Pakistan has reaffirmed Islamabad’s stance against any foreign actors seeking to undermine ally China’s sovereignty and thanked Beijing for its support on national security.
Pakistan’s foreign ministry issued the statement after the China’s State Commissioner for Counter-terrorism and Security Cheng Guoping met Tariq Fatemi, special assistant to the prime minister on foreign affairs, in Islamabad Monday, reports Dawn.
In response, the Chinese official noted that Beijing “attaches great importance to its relations with Pakistan and supports its sovereignty, independence and territorial integrity.”
The Chinese state commissioner for counter-terrorism also “thanked Pakistan for its consistent support to China on issues of core interest and lauded the sacrifices rendered by Pakistan and its security forces in its fight against terrorism, extremism and separatism, which has helped maintain regional peace and stability,” notes Dawn.
The autonomous Chinese province of Xinjiang, a volatile region that is home to the country’s largest concentration of the Muslim Uighur minority and a separatist movement, borders Pakistan-occupied Kashmir.
The meeting between China and Pakistan came after an annual report to Congress issued by the U.S.-China Economic and Security Review Commission late last year reported that the increasing Islamic terrorism threat facing China is prompting the communist country to question its military assistance to Pakistan.
According to the commission, the majority of Chinese Islamic extremist attacks originate in Pakistan. Despite that assessment, the relationship between China and Pakistan appears to remain strong.
“Pakistan will continue to support China’s efforts to combat the three evils of terrorism, extremism and separatism,” the Islamabad-based foreign ministry said in the statement.
The Pakistani foreign ministry official also assured Beijing of Islamabad’s “support for China on all core issues, adding that Pakistan stands firm against any attempt by foreign actors to undermine China’s sovereignty,” points out Dawn.
The primary purpose of Chinese assistance to Pakistan is to contain the rise of their mutual rival India, notes the U.S. commission.
Both Pakistan and China consider India to be their rival.
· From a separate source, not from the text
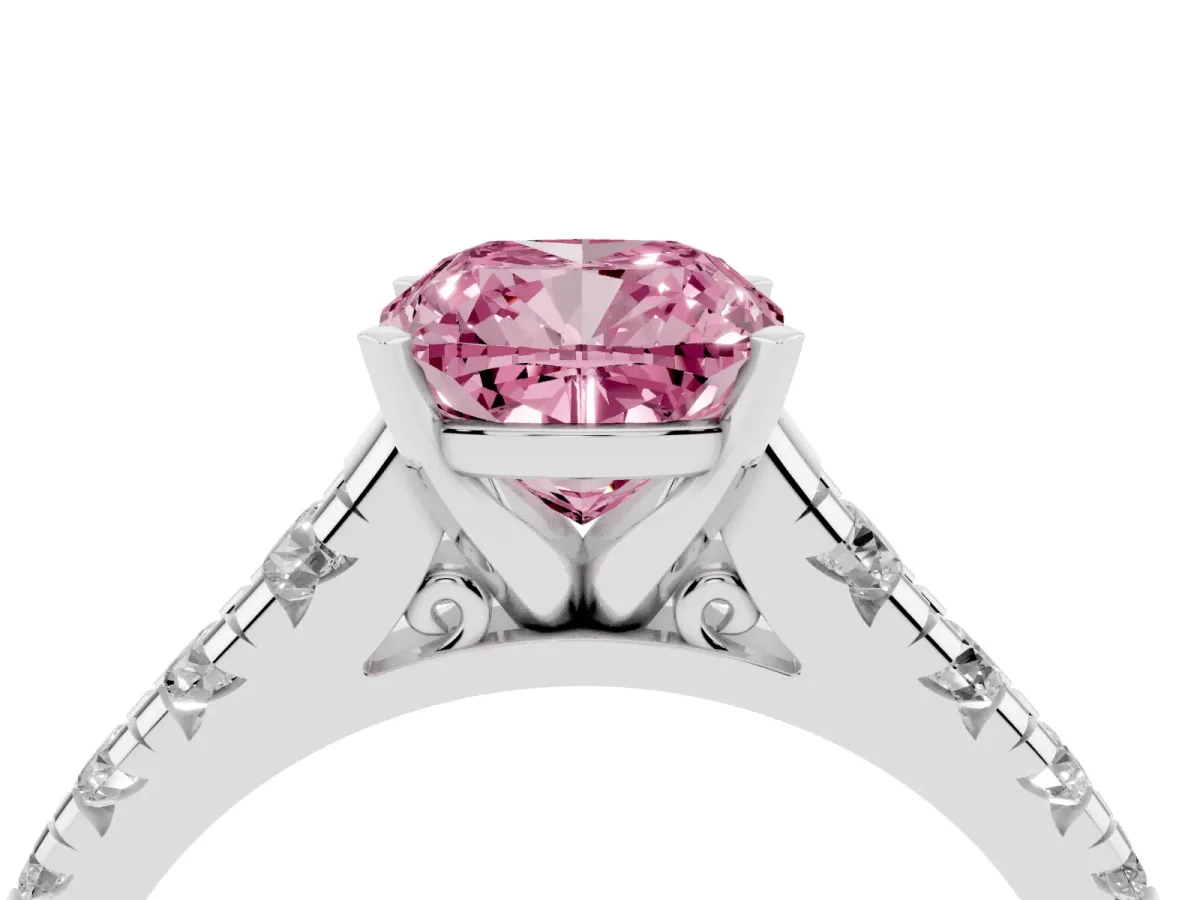 Fancy Pink Cushion Cut Diamond Cathedral Solitaire Ring with Round Pavé Band Silver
The three neighboring nuclear powers have competing claims to the Muslim-majority Himalayan region of Kashmir.
In a recent editorial, Chinese state-run Global Times warned that Beijing “will not sit still if India goes too far” with “its missile fever” and condemned New Delhi for allegedly “breaking” United Nations “limits on its development of nuclear weapons and long-range ballistic missile” following a missile test by India.
Nevertheless, the Chinese government has held military drills with India.
So far, Beijing has managed to remain in the shadows of the recent deadly clashes in Kashmir between Pakistan and India.
Economically and militarily, the Chinese government is currently more powerful than India and Islamabad.
However, although the United States, China, and the United Kingdom still hold the top three defense budgets in the world, respectively, India has now pushed Russia out of the fourth spot.